- Work request: Retype the records in full, keeping each character as it is.

* * * *

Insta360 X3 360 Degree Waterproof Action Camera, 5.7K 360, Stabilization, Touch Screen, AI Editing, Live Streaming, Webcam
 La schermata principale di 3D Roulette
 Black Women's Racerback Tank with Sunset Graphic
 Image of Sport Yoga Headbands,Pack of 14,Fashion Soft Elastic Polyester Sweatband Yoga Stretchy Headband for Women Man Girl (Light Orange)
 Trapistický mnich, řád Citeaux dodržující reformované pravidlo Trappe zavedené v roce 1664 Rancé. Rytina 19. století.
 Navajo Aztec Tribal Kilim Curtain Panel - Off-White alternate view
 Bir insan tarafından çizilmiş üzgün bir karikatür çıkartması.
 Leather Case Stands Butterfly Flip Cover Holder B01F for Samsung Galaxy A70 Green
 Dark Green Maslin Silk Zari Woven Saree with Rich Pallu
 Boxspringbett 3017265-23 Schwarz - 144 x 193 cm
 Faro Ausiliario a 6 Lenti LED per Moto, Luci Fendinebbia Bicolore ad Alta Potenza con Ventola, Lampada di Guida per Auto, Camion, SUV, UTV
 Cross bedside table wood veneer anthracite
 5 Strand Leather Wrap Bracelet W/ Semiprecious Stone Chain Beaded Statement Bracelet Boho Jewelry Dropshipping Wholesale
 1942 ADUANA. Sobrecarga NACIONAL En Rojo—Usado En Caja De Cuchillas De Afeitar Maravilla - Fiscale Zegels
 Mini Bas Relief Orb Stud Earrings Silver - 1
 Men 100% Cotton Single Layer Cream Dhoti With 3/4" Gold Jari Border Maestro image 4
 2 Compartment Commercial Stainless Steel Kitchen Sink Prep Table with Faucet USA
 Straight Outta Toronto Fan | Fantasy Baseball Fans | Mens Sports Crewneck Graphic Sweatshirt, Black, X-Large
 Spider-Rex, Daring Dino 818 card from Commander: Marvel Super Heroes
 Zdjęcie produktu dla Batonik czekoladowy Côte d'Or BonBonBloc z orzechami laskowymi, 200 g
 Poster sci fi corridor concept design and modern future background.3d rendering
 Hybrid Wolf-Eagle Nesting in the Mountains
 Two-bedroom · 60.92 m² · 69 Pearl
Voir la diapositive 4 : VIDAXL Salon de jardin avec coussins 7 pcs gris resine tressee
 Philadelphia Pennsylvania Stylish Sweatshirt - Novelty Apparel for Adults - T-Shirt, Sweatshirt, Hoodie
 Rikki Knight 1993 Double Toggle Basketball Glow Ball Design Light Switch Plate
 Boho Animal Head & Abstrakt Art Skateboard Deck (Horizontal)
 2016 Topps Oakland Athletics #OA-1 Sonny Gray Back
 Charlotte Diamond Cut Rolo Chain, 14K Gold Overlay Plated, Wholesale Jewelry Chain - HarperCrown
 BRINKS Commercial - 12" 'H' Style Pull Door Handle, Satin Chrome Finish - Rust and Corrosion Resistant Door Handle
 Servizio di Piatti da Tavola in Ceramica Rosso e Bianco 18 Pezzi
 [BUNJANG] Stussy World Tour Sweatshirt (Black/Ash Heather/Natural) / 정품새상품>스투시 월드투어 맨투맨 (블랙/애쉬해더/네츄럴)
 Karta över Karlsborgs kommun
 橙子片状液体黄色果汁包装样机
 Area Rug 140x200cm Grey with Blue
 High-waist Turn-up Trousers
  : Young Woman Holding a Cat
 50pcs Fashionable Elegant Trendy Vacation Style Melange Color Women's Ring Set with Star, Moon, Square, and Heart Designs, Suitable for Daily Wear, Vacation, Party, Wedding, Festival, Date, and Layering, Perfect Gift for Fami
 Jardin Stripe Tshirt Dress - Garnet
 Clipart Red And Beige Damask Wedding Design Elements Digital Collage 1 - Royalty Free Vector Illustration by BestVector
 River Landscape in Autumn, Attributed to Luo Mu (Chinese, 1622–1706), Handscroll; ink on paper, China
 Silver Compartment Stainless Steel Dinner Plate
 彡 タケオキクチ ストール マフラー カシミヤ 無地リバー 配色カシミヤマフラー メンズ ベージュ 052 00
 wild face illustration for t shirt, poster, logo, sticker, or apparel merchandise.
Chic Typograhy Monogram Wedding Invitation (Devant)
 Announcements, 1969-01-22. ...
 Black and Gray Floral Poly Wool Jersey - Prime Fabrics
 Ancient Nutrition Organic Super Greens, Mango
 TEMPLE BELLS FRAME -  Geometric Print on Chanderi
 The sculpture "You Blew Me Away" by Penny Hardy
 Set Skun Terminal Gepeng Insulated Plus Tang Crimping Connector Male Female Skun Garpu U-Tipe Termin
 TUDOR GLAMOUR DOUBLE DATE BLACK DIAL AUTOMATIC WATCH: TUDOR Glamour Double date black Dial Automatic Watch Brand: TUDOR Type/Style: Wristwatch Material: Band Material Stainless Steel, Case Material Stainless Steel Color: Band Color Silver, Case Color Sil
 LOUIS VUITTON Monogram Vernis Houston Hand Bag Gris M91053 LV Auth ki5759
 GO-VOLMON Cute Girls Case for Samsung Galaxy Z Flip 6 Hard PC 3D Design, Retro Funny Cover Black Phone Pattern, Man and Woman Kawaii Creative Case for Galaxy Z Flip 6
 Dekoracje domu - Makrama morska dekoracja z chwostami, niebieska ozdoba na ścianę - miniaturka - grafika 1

* * * *

- Written reply:
Insta360 X3 360 Degree Waterproof Action Camera, 5.7K 360, Stabilization, Touch Screen, AI Editing, Live Streaming, Webcam
 La schermata principale di 3D Roulette
 Black Women's Racerback Tank with Sunset Graphic
 Image of Sport Yoga Headbands,Pack of 14,Fashion Soft Elastic Polyester Sweatband Yoga Stretchy Headband for Women Man Girl (Light Orange)
 Trapistický mnich, řád Citeaux dodržující reformované pravidlo Trappe zavedené v roce 1664 Rancé. Rytina 19. století.
 Navajo Aztec Tribal Kilim Curtain Panel - Off-White alternate view
 Bir insan tarafından çizilmiş üzgün bir karikatür çıkartması.
 Leather Case Stands Butterfly Flip Cover Holder B01F for Samsung Galaxy A70 Green
 Dark Green Maslin Silk Zari Woven Saree with Rich Pallu
 Boxspringbett 3017265-23 Schwarz - 144 x 193 cm
 Faro Ausiliario a 6 Lenti LED per Moto, Luci Fendinebbia Bicolore ad Alta Potenza con Ventola, Lampada di Guida per Auto, Camion, SUV, UTV
 Cross bedside table wood veneer anthracite
 5 Strand Leather Wrap Bracelet W/ Semiprecious Stone Chain Beaded Statement Bracelet Boho Jewelry Dropshipping Wholesale
 1942 ADUANA. Sobrecarga NACIONAL En Rojo—Usado En Caja De Cuchillas De Afeitar Maravilla - Fiscale Zegels
 Mini Bas Relief Orb Stud Earrings Silver - 1
 Men 100% Cotton Single Layer Cream Dhoti With 3/4" Gold Jari Border Maestro image 4
 2 Compartment Commercial Stainless Steel Kitchen Sink Prep Table with Faucet USA
 Straight Outta Toronto Fan | Fantasy Baseball Fans | Mens Sports Crewneck Graphic Sweatshirt, Black, X-Large
 Spider-Rex, Daring Dino 818 card from Commander: Marvel Super Heroes
 Zdjęcie produktu dla Batonik czekoladowy Côte d'Or BonBonBloc z orzechami laskowymi, 200 g
 Poster sci fi corridor concept design and modern future background.3d rendering
 Hybrid Wolf-Eagle Nesting in the Mountains
 Two-bedroom · 60.92 m² · 69 Pearl
Voir la diapositive 4 : VIDAXL Salon de jardin avec coussins 7 pcs gris resine tressee
 Philadelphia Pennsylvania Stylish Sweatshirt - Novelty Apparel for Adults - T-Shirt, Sweatshirt, Hoodie
 Rikki Knight 1993 Double Toggle Basketball Glow Ball Design Light Switch Plate
 Boho Animal Head & Abstrakt Art Skateboard Deck (Horizontal)
 2016 Topps Oakland Athletics #OA-1 Sonny Gray Back
 Charlotte Diamond Cut Rolo Chain, 14K Gold Overlay Plated, Wholesale Jewelry Chain - HarperCrown
 BRINKS Commercial - 12" 'H' Style Pull Door Handle, Satin Chrome Finish - Rust and Corrosion Resistant Door Handle
 Servizio di Piatti da Tavola in Ceramica Rosso e Bianco 18 Pezzi
 [BUNJANG] Stussy World Tour Sweatshirt (Black/Ash Heather/Natural) / 정품새상품>스투시 월드투어 맨투맨 (블랙/애쉬해더/네츄럴)
 Karta över Karlsborgs kommun
 橙子片状液体黄色果汁包装样机
 Area Rug 140x200cm Grey with Blue
 High-waist Turn-up Trousers
  : Young Woman Holding a Cat
 50pcs Fashionable Elegant Trendy Vacation Style Melange Color Women's Ring Set with Star, Moon, Square, and Heart Designs, Suitable for Daily Wear, Vacation, Party, Wedding, Festival, Date, and Layering, Perfect Gift for Fami
 Jardin Stripe Tshirt Dress - Garnet
 Clipart Red And Beige Damask Wedding Design Elements Digital Collage 1 - Royalty Free Vector Illustration by BestVector
 River Landscape in Autumn, Attributed to Luo Mu (Chinese, 1622–1706), Handscroll; ink on paper, China
 Silver Compartment Stainless Steel Dinner Plate
 彡 タケオキクチ ストール マフラー カシミヤ 無地リバー 配色カシミヤマフラー メンズ ベージュ 052 00
 wild face illustration for t shirt, poster, logo, sticker, or apparel merchandise.
Chic Typograhy Monogram Wedding Invitation (Devant)
 Announcements, 1969-01-22. ...
 Black and Gray Floral Poly Wool Jersey - Prime Fabrics
 Ancient Nutrition Organic Super Greens, Mango
 TEMPLE BELLS FRAME -  Geometric Print on Chanderi
 The sculpture "You Blew Me Away" by Penny Hardy
 Set Skun Terminal Gepeng Insulated Plus Tang Crimping Connector Male Female Skun Garpu U-Tipe Termin
 TUDOR GLAMOUR DOUBLE DATE BLACK DIAL AUTOMATIC WATCH: TUDOR Glamour Double date black Dial Automatic Watch Brand: TUDOR Type/Style: Wristwatch Material: Band Material Stainless Steel, Case Material Stainless Steel Color: Band Color Silver, Case Color Sil
 LOUIS VUITTON Monogram Vernis Houston Hand Bag Gris M91053 LV Auth ki5759
 GO-VOLMON Cute Girls Case for Samsung Galaxy Z Flip 6 Hard PC 3D Design, Retro Funny Cover Black Phone Pattern, Man and Woman Kawaii Creative Case for Galaxy Z Flip 6
 Dekoracje domu - Makrama morska dekoracja z chwostami, niebieska ozdoba na ścianę - miniaturka - grafika 1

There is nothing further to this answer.